いきなり王子様
今日、休日出勤した6人で行ったお寿司屋さんは、社内でもおいしいと密かに噂されている穴場のお店で、初めて来た私は、そろいもそろった日本酒の種類の多さに心弾ませ、結構な量を飲んだ……と思う。
自宅に帰って、ソファに倒れこむくらい、には、飲んだ。
「飲ませ上手なんだよなあ」
酔いがほどよく回っている意識の中で、そう呟く。
私だけではなく、その場にいたメンバーみんなに、上手にお酒をすすめては飲ませていた三橋さん。
自分が幸せだからだろうか、かなりご機嫌で。
結局、椎名課長ではなく、三橋さんが一人でお代を払ってくれた。
結構な金額になっていただろうし、結婚前のこの時期、奢られて申し訳なさも感じたけれど。
『幸せなもんが奢ればいいんだよ』
何て太っ腹。
普段から何かと奢ってくれたり差し入れしたりしてくれるけれど、私が奥さんだったら、ちょっと複雑かも、と思っていると。
私に、『竜也くんとやら、今度紹介しろよ』
と何度も。
そんな三橋さんの言葉に、曖昧な笑顔を返し、最後まで頷かなかった。
そりゃ、無理でしょ、無理。
「社内だもん。無理無理」
ソファに顔を押し付けて、ばたばたしつつ、やっぱり、社内恋愛って秘密だよね、と憂鬱にもなる。
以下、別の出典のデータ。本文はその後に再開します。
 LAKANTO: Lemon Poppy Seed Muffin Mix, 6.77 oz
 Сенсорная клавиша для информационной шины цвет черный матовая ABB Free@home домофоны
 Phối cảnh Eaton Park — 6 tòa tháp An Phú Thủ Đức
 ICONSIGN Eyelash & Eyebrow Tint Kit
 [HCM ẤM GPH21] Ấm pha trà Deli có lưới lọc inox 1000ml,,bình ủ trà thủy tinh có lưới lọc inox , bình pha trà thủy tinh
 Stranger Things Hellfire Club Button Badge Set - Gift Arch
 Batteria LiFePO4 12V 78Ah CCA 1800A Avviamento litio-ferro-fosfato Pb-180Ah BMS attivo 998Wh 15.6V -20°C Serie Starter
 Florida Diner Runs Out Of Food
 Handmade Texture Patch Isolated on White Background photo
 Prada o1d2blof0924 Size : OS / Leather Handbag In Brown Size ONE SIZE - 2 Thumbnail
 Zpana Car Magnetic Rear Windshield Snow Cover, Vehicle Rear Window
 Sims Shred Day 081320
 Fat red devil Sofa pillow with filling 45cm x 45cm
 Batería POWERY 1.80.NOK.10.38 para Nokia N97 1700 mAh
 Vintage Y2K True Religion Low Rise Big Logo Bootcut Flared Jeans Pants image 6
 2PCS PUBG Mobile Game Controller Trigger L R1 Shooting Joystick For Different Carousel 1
まあ、勤務地が違うんだから、それほど神経質になるほどでもないか、と気持ちを整えて、小さくため息を吐く。
あ、お風呂、入らなきゃ。
明日も仕事だ。
……そういえば、竜也、ちゃんと帰ったのかな。
無事に着いたかな。
私を会社の前で下してくれたあと、きっと自宅に帰ったはずだけど。
足元に転がっていた鞄からスマホを取り出して、確認すると、メールが一件。
「気が付かなかった」
慌ててメールを開くと、やっぱり、竜也からのものだった。